The Mystical Madonna of the Stairs by Michelangelo Buonarroti
Nirtan Ekaterina Pasnak
During the Christmas holidays Nawab and I had the blessed opportunity to see an abundance of divinely inspired art in Florence. One particular thread we followed was the works by Michelangelo Buonarroti (1474 – 1564), the great sculptor and painter who lived and worked in Florence for a significant portion of his life, and where his house is still preserved.
Unlike many artists of the high Renaissance period, who were starting to incline toward more rational, secular ideals, the works of Michelangelo used the power and beauty of the human body, inspired by the best examples of classical art, to portray the battle of the human spirit in search of the Divine light. His works can be seen in many museums and churches in Florence, but one museum that is often overlooked is his own home, which remained in the possession of the Buonarroti family until the middle of the 19th century. There, a work that particularly captured our attention was a low relief in warm yellow marble of the Madonna and Child, executed when Michelangelo was only 16 years old.

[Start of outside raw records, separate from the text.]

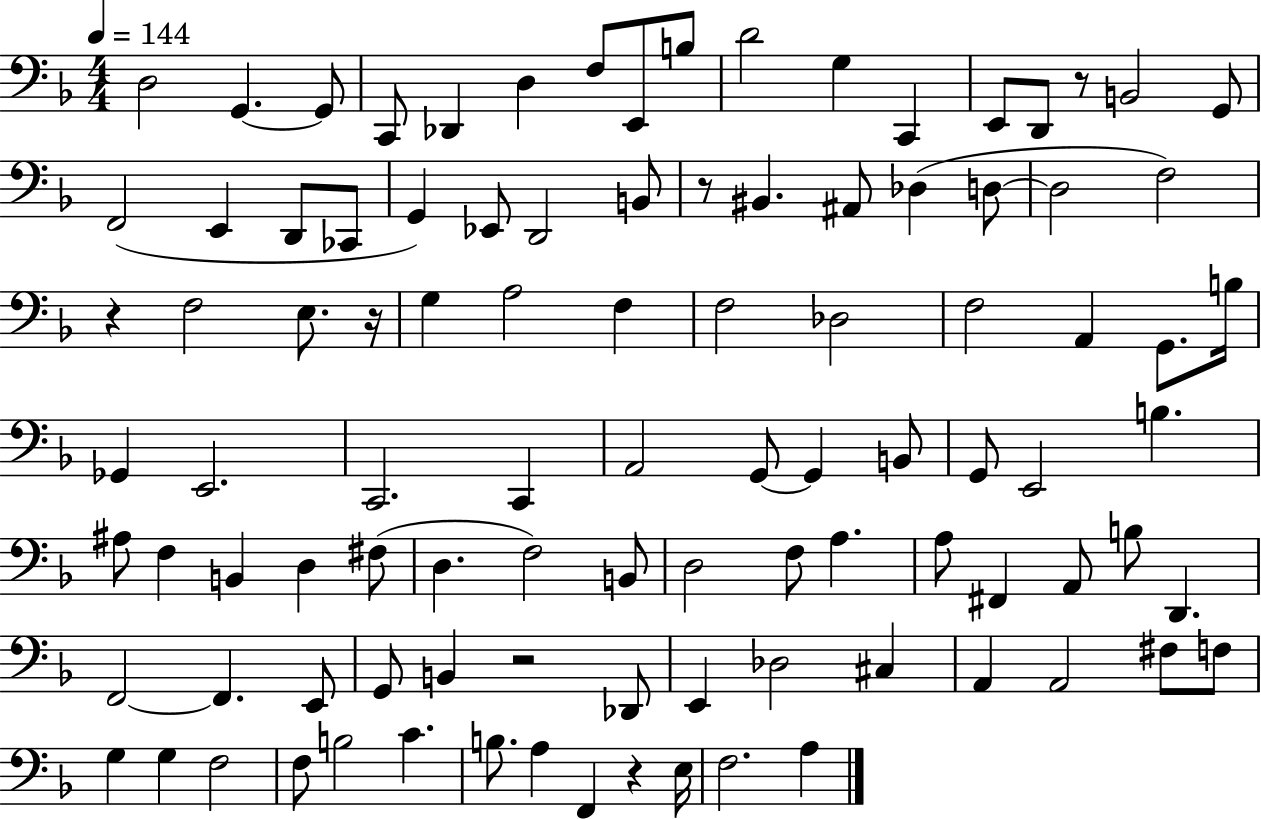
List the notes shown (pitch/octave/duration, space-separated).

D3/h G2/q. G2/e C2/e Db2/q D3/q F3/e E2/e B3/e D4/h G3/q C2/q E2/e D2/e R/e B2/h G2/e F2/h E2/q D2/e CES2/e G2/q Eb2/e D2/h B2/e R/e BIS2/q. A#2/e Db3/q D3/e D3/h F3/h R/q F3/h E3/e. R/s G3/q A3/h F3/q F3/h Db3/h F3/h A2/q G2/e. B3/s Gb2/q E2/h. C2/h. C2/q A2/h G2/e G2/q B2/e G2/e E2/h B3/q. A#3/e F3/q B2/q D3/q F#3/e D3/q. F3/h B2/e D3/h F3/e A3/q. A3/e F#2/q A2/e B3/e D2/q. F2/h F2/q. E2/e G2/e B2/q R/h Db2/e E2/q Db3/h C#3/q A2/q A2/h F#3/e F3/e G3/q G3/q F3/h F3/e B3/h C4/q. B3/e. A3/q F2/q R/q E3/s F3/h. A3/q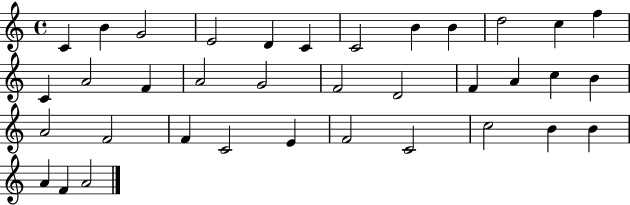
{
  \clef treble
  \time 4/4
  \defaultTimeSignature
  \key c \major
  c'4 b'4 g'2 | e'2 d'4 c'4 | c'2 b'4 b'4 | d''2 c''4 f''4 | \break c'4 a'2 f'4 | a'2 g'2 | f'2 d'2 | f'4 a'4 c''4 b'4 | \break a'2 f'2 | f'4 c'2 e'4 | f'2 c'2 | c''2 b'4 b'4 | \break a'4 f'4 a'2 | \bar "|."
}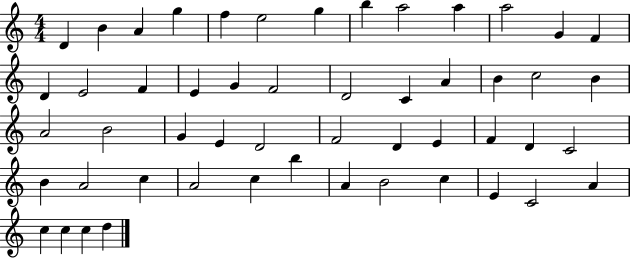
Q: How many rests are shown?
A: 0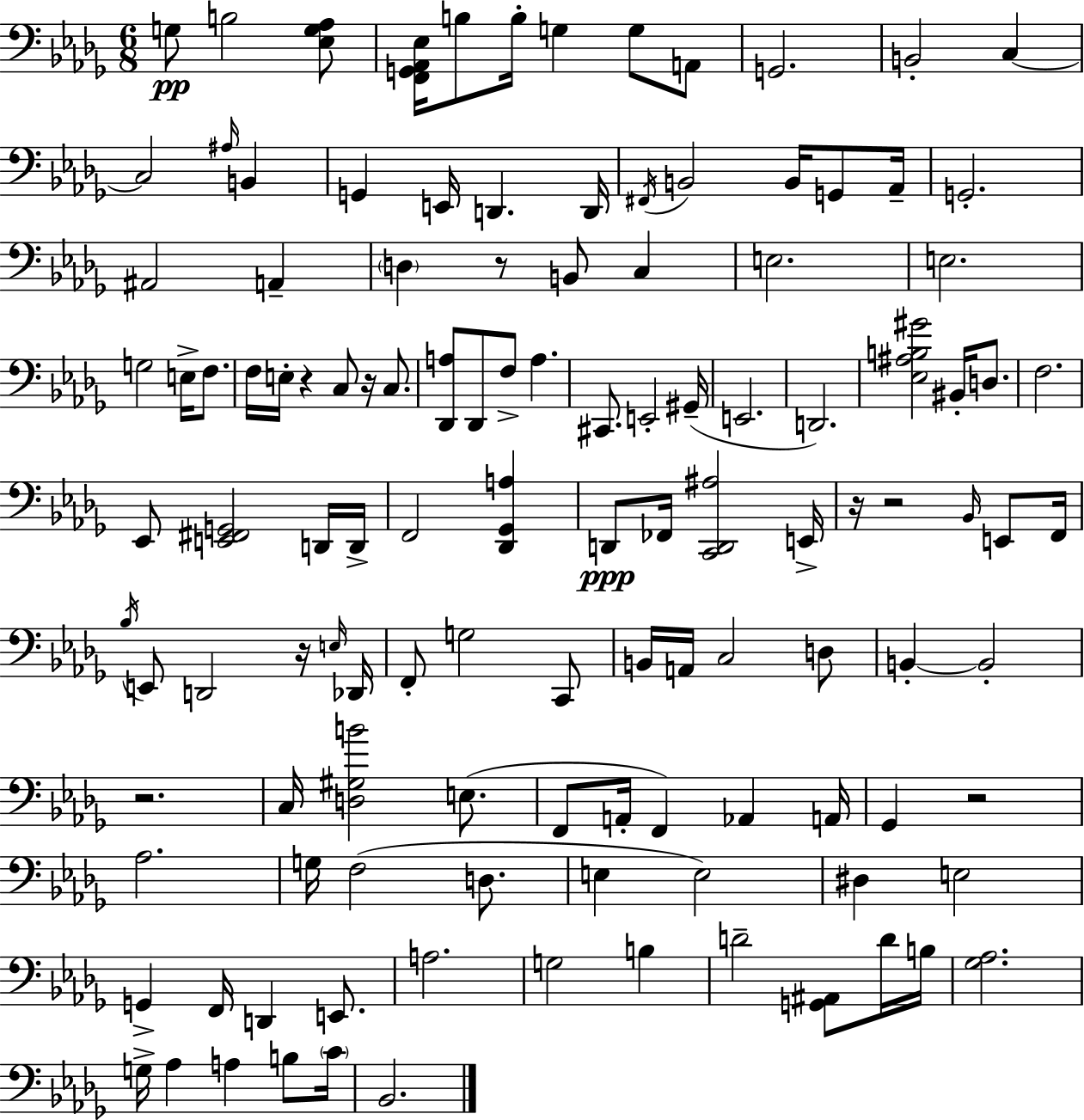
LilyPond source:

{
  \clef bass
  \numericTimeSignature
  \time 6/8
  \key bes \minor
  g8\pp b2 <ees g aes>8 | <f, g, aes, ees>16 b8 b16-. g4 g8 a,8 | g,2. | b,2-. c4~~ | \break c2 \grace { ais16 } b,4 | g,4 e,16 d,4. | d,16 \acciaccatura { fis,16 } b,2 b,16 g,8 | aes,16-- g,2.-. | \break ais,2 a,4-- | \parenthesize d4 r8 b,8 c4 | e2. | e2. | \break g2 e16-> f8. | f16 e16-. r4 c8 r16 c8. | <des, a>8 des,8 f8-> a4. | cis,8. e,2-. | \break gis,16--( e,2. | d,2.) | <ees ais b gis'>2 bis,16-. d8. | f2. | \break ees,8 <e, fis, g,>2 | d,16 d,16-> f,2 <des, ges, a>4 | d,8\ppp fes,16 <c, d, ais>2 | e,16-> r16 r2 \grace { bes,16 } | \break e,8 f,16 \acciaccatura { bes16 } e,8 d,2 | r16 \grace { e16 } des,16 f,8-. g2 | c,8 b,16 a,16 c2 | d8 b,4-.~~ b,2-. | \break r2. | c16 <d gis b'>2 | e8.( f,8 a,16-. f,4) | aes,4 a,16 ges,4 r2 | \break aes2. | g16 f2( | d8. e4 e2) | dis4 e2 | \break g,4-> f,16 d,4 | e,8. a2. | g2 | b4 d'2-- | \break <g, ais,>8 d'16 b16 <ges aes>2. | g16-> aes4 a4 | b8 \parenthesize c'16 bes,2. | \bar "|."
}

The presentation of the Madonna seated in profile, holding the holy Child with his back to the viewer, departs sharply from the convention. An example of the most usual portrayal of the Virgin and Child at the time can be seen in the so-called “Panciatichi Madonna” from 1460, by Desiderio da Settignano. Here, the Madonna sits on a throne, holding her beloved child with great tenderness and looking at him adoringly, while the Saviour directly faces the viewer. The marble relief conveys feelings of motherly love, and the flowing lines of the drapery and the outlines of the figures show grace and beauty. Thus, the worshipper who directs his prayer to this Virgin would be carried on the stream of her love to the Christ, who brings the worshiper salvation.
In the Madonna of the Stairs, neither the Mother nor the Child seems to claim the worshiper´s attention. She is seated in the pose of a Roman matron, breast-feeding her child, her gaze into middle space rather more inward, this inwardness emphasised by her crossed feet; she is not looking at her precious baby nor toward the viewer. So how should we read this image and where would the prayer of the devotee be addressed?

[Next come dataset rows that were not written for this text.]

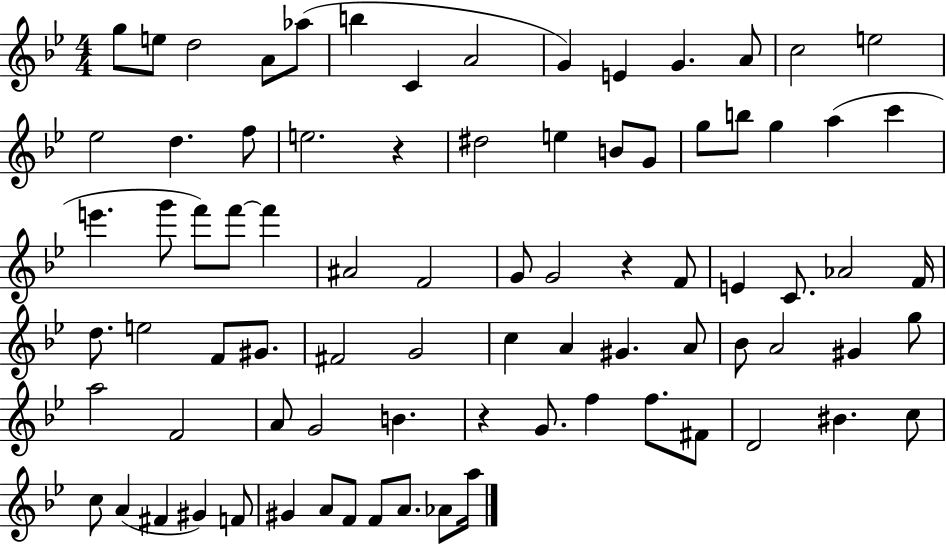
X:1
T:Untitled
M:4/4
L:1/4
K:Bb
g/2 e/2 d2 A/2 _a/2 b C A2 G E G A/2 c2 e2 _e2 d f/2 e2 z ^d2 e B/2 G/2 g/2 b/2 g a c' e' g'/2 f'/2 f'/2 f' ^A2 F2 G/2 G2 z F/2 E C/2 _A2 F/4 d/2 e2 F/2 ^G/2 ^F2 G2 c A ^G A/2 _B/2 A2 ^G g/2 a2 F2 A/2 G2 B z G/2 f f/2 ^F/2 D2 ^B c/2 c/2 A ^F ^G F/2 ^G A/2 F/2 F/2 A/2 _A/2 a/4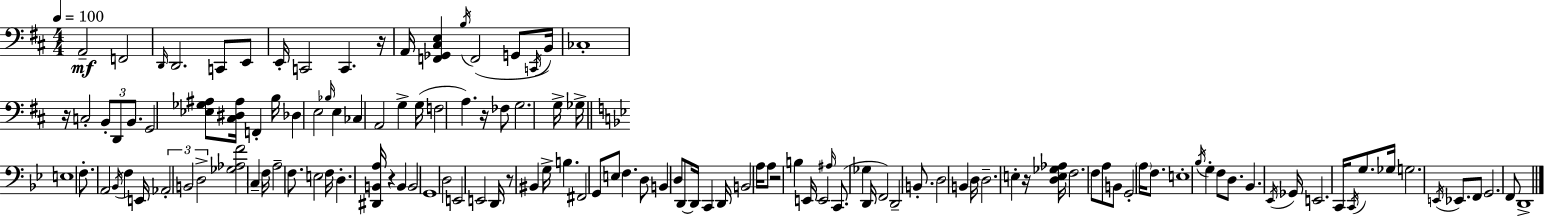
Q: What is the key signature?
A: D major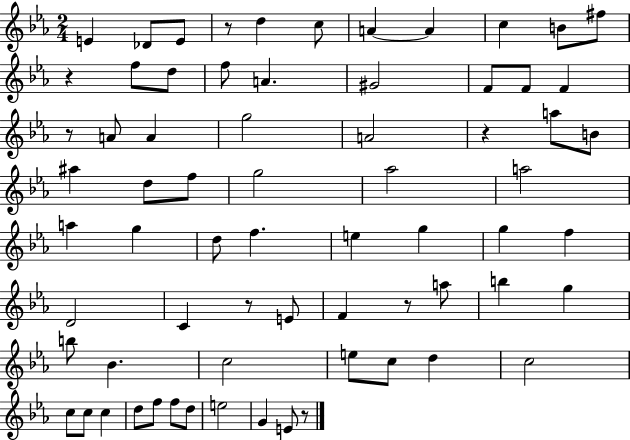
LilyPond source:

{
  \clef treble
  \numericTimeSignature
  \time 2/4
  \key ees \major
  e'4 des'8 e'8 | r8 d''4 c''8 | a'4~~ a'4 | c''4 b'8 fis''8 | \break r4 f''8 d''8 | f''8 a'4. | gis'2 | f'8 f'8 f'4 | \break r8 a'8 a'4 | g''2 | a'2 | r4 a''8 b'8 | \break ais''4 d''8 f''8 | g''2 | aes''2 | a''2 | \break a''4 g''4 | d''8 f''4. | e''4 g''4 | g''4 f''4 | \break d'2 | c'4 r8 e'8 | f'4 r8 a''8 | b''4 g''4 | \break b''8 bes'4. | c''2 | e''8 c''8 d''4 | c''2 | \break c''8 c''8 c''4 | d''8 f''8 f''8 d''8 | e''2 | g'4 e'8 r8 | \break \bar "|."
}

The actual center of composition is the arm of the baby softly twisted behind his back, and resting against his mother´s arm. His little cupped hand is the reservoir of energy from whence the powerful spiral of the composition seems to unwind; it turns around his body, then across her breast, around her hands, knee and back and, through her glance, projects this energy onto the staircase. Her crossed feet rest at the base of the stairs that lead upwards, where happy putti are stretching a cloth or a veil across the background.
Looking at this composition in a mystical sense, one could perhaps interpret this image to say that here the Virgin is the provider of our spiritual food; she receives our prayers and directs them upwards; she is not the final destination of our supplication, but she is the threshold of the door, a threshold which we have to literally step over in order to ascend. When we rise up the stairway to those higher regions, there are still other beings and veils that need to be removed in order to go even further, where perhaps the face of the beloved Son of God could at last be contemplated.